A modern Cortex-A (in any flagship phone) can run a real-time multi-band audio EQ, multi-channel speaker crossover, and dynamic range compression all in fractional-percent CPU. A decade ago this needed a dedicated DSP chip; today it is software on a SIMD-equipped CPU.

7.4 GPUs

GPUs are massively parallel SIMD machines (thousands of cores). For DSP problems with high parallelism (image processing, large FFTs, deep neural networks), GPUs are unbeatable. cuFFT (NVIDIA) and other libraries provide FFT throughput in the tens of teraflops on modern GPUs.

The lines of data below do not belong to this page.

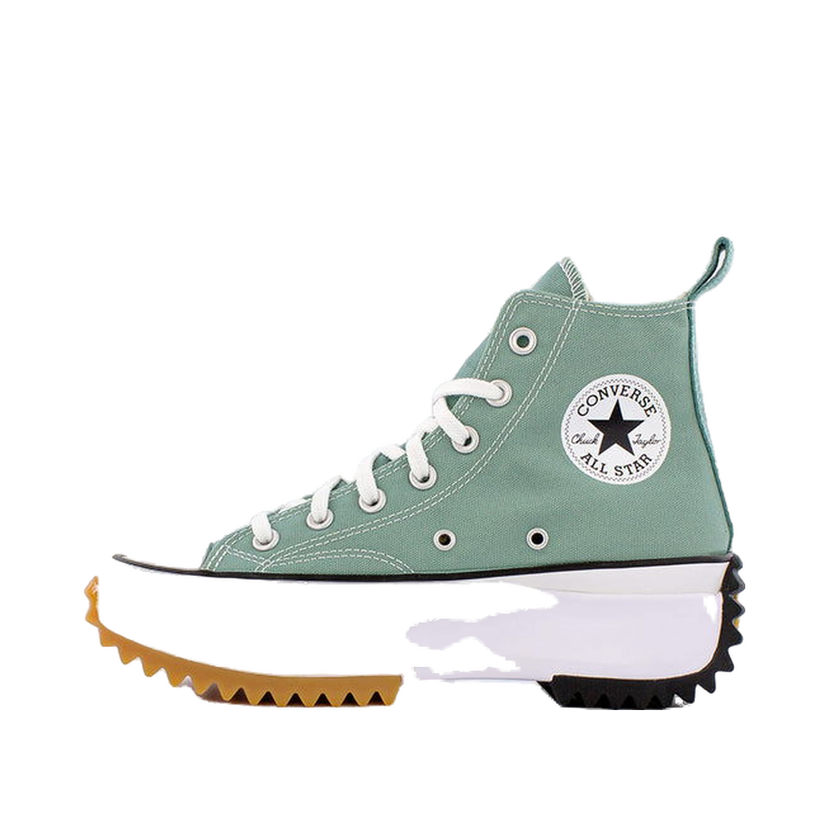 Tenisice i cipele Converse Converse Blue Run Star Hike Sneakers Zelena | 172726C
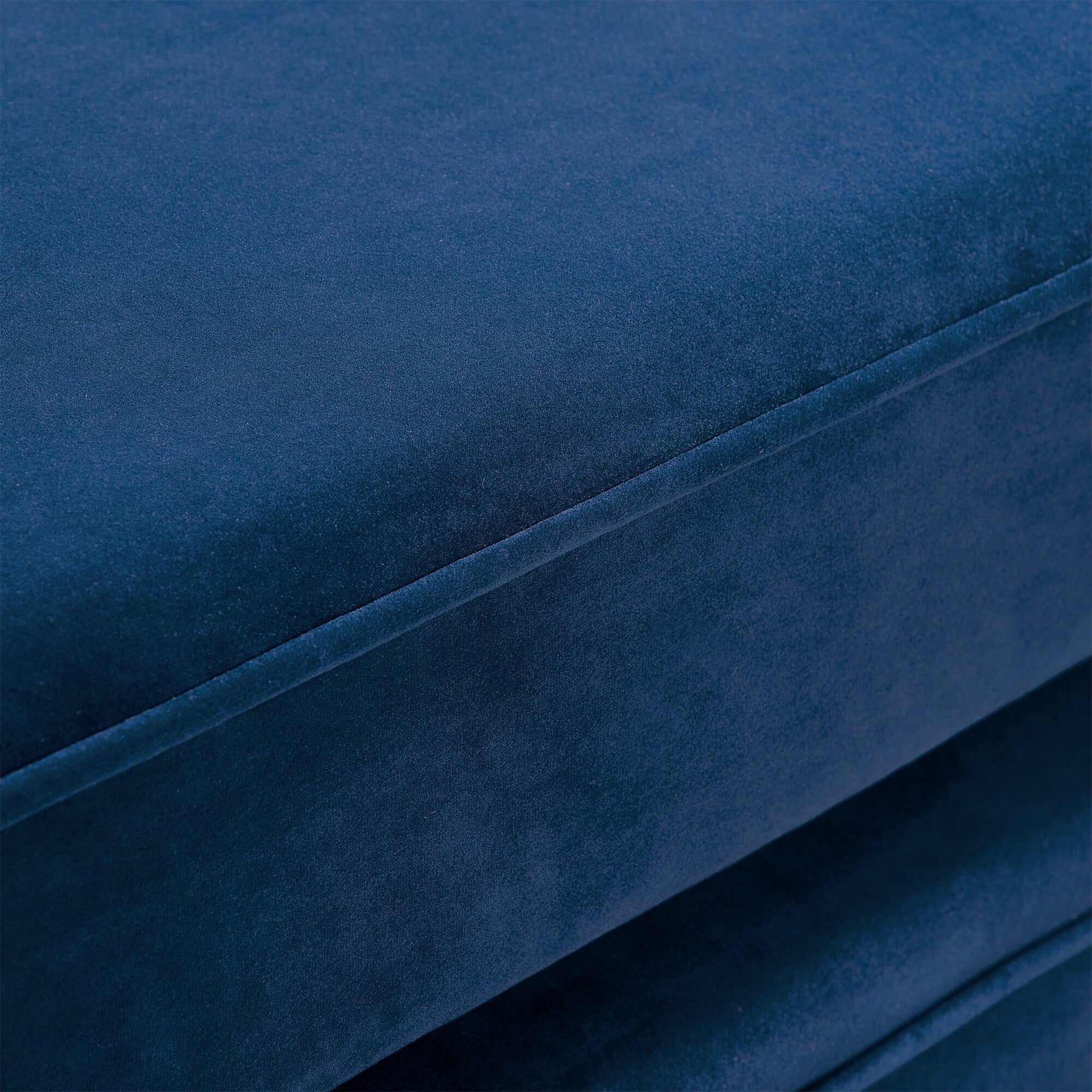 Chaise longue vintage con braccioli a spirale di Christopher Knight Home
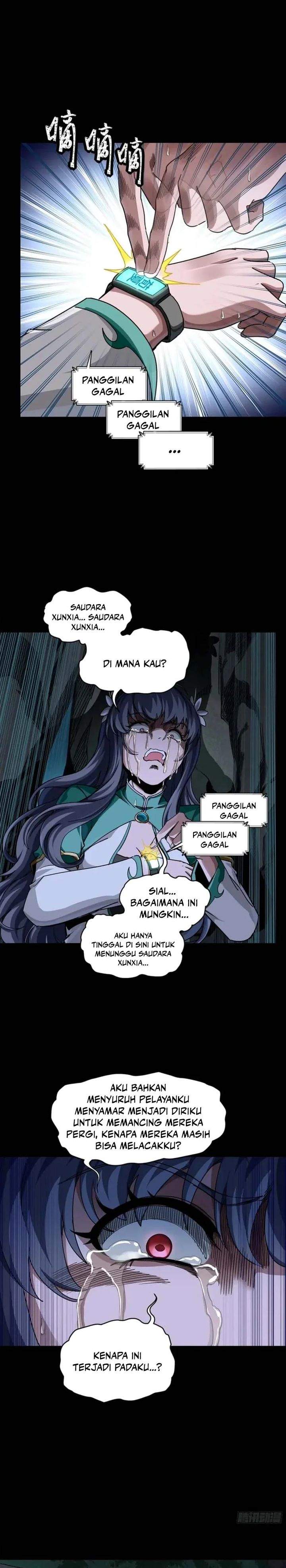 Read Legend of Star General ID Manga Online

GPUs win when there is enough parallel work to fill thousands of cores. They lose for low-latency single-channel work because of kernel-launch overhead.

7.5 FPGAs

For ultra-low-latency or ultra-high-throughput DSP, an FPGA holds the math directly in custom logic. Each multiply-and-add can be a configured DSP slice (Xilinx DSP48, Intel/Altera DSP block) that runs at 500+ MHz. A pipelined FFT processor on an FPGA can produce one output bin per clock indefinitely, with bounded latency.

Used in: software-defined radio (Ettus USRP, RFSoC), high-frequency trading (microsecond-deterministic order processing), 5G remote-radio-heads, defense and instrumentation.

The down-side: FPGA design is hard; HDL coding, timing closure, and tooling are nontrivial.

7.6 ASICs and NPUs

For shipping a billion-unit consumer product (cellphone modems, hearing aids, AirPods), the DSP becomes a custom ASIC. NPU (Neural Processing Unit) is the latest variant, optimized for INT8 matrix multiplication at extremely low power, used for on-device AI inference (image recognition in your phone's camera app, voice activation in your earbuds).

The trend is clear: classical DSP chips are losing ground to general-purpose CPUs with SIMD (for moderate workloads), GPUs (for massive parallel batches), FPGAs (for low-latency / high-throughput specialty), and ASICs/NPUs (for shipped products). Pure-DSP chips remain in the niches where they win: very-low-power audio (hearing aids, headphone ANC), medical implants, industrial controllers, and legacy infrastructure.